TASK INSTRUCTIONS:
All of the data below should be printed again exactly, pictures excluded.

DATA BLOCK:
- - - -
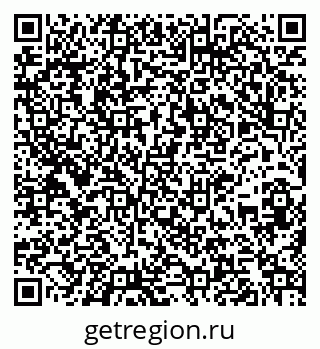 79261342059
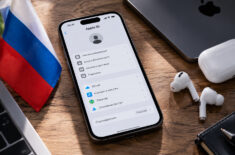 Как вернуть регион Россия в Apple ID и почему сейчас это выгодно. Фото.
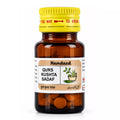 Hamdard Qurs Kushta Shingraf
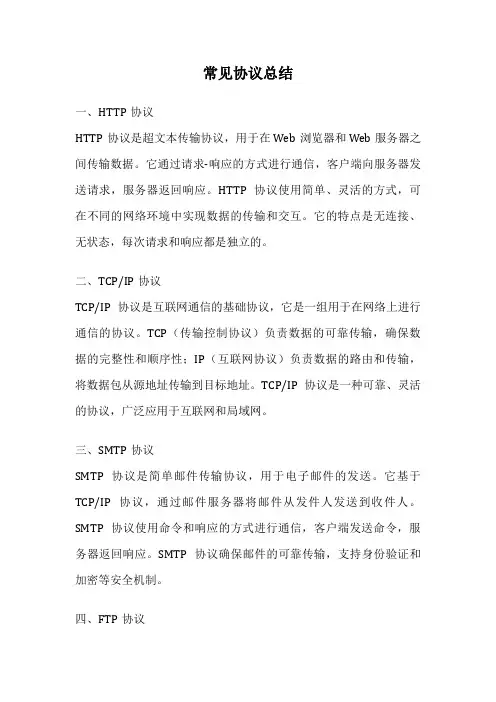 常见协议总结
- - - -
YOUR SOLUTION:
 79261342059
 Как вернуть регион Россия в Apple ID и почему сейчас это выгодно. Фото.
 Hamdard Qurs Kushta Shingraf
 常见协议总结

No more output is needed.